▶ _Given information_:
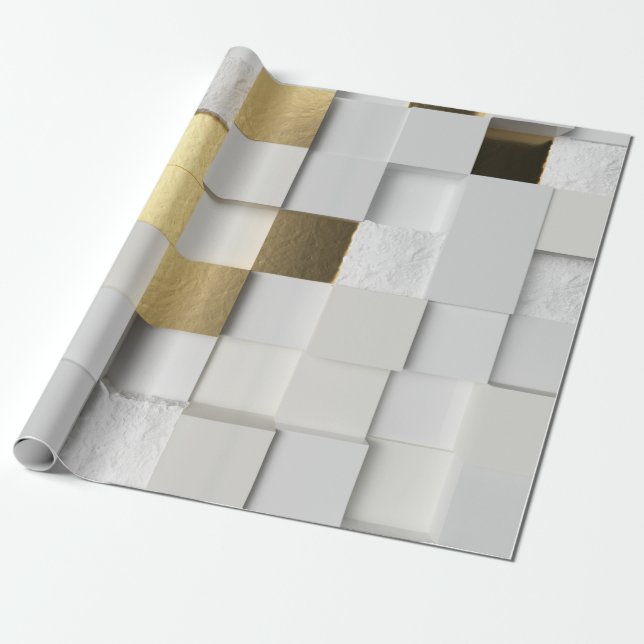 Elegant Cube wall 3D art- white and gold Wrapping Paper (Unrolled)
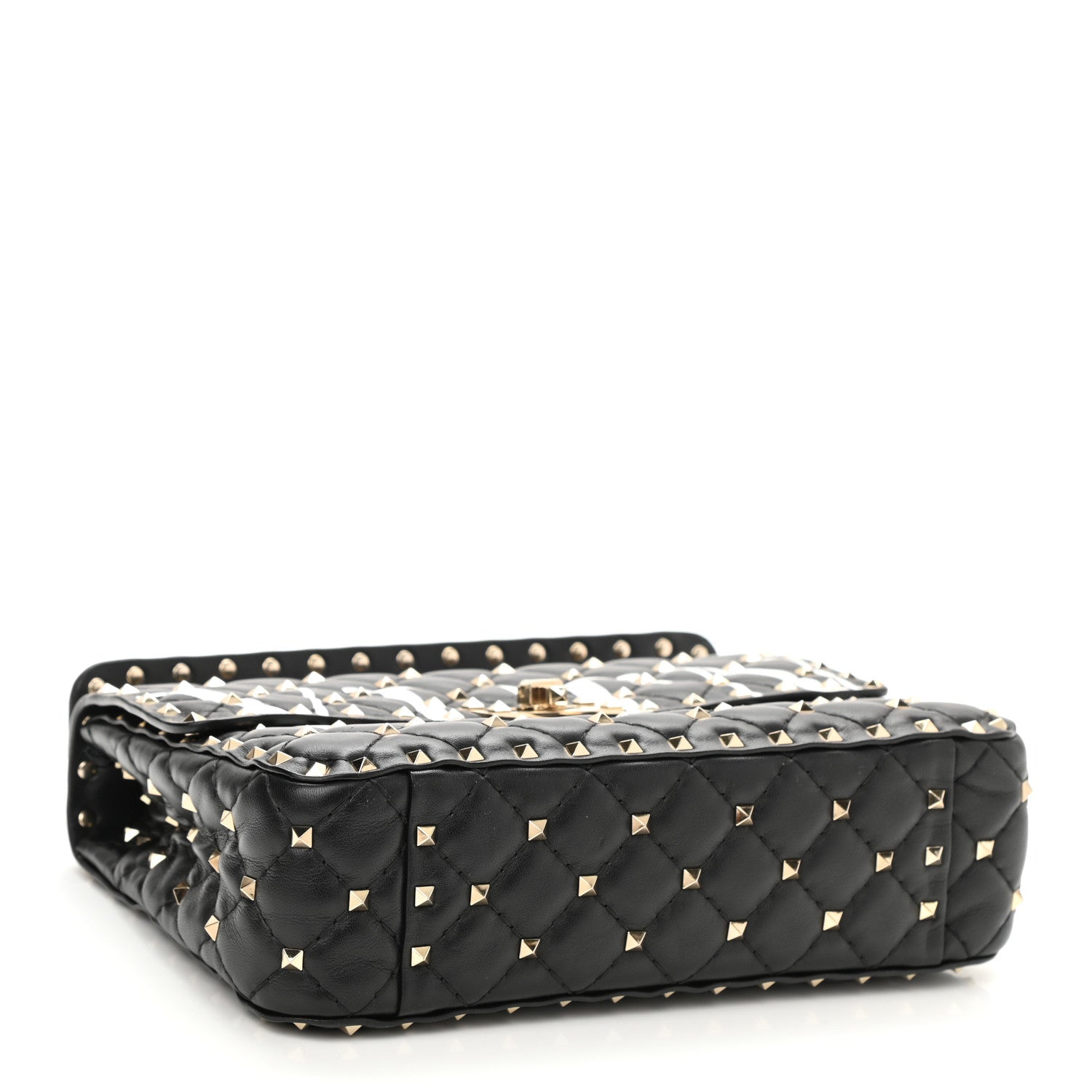 Valentino Garavani Lambskin VLTN Print Medium Rockstud Spike Shoulder Bag Black 4 of 8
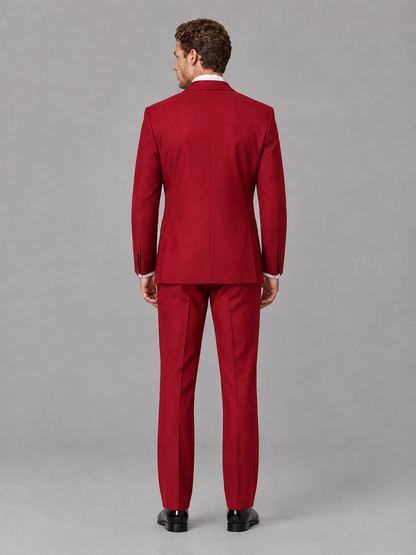 Savile Men's Red Peak Lapel 3-Piece Tuxedo Suit | Jacket, Vest & Trousers - Red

▶ _Description of the task_: Repeat all the material exactly, but keep pictures out of the copy.

▶ _Solution_:
 Elegant Cube wall 3D art- white and gold Wrapping Paper (Unrolled)
 Valentino Garavani Lambskin VLTN Print Medium Rockstud Spike Shoulder Bag Black 4 of 8
 Savile Men's Red Peak Lapel 3-Piece Tuxedo Suit | Jacket, Vest & Trousers - Red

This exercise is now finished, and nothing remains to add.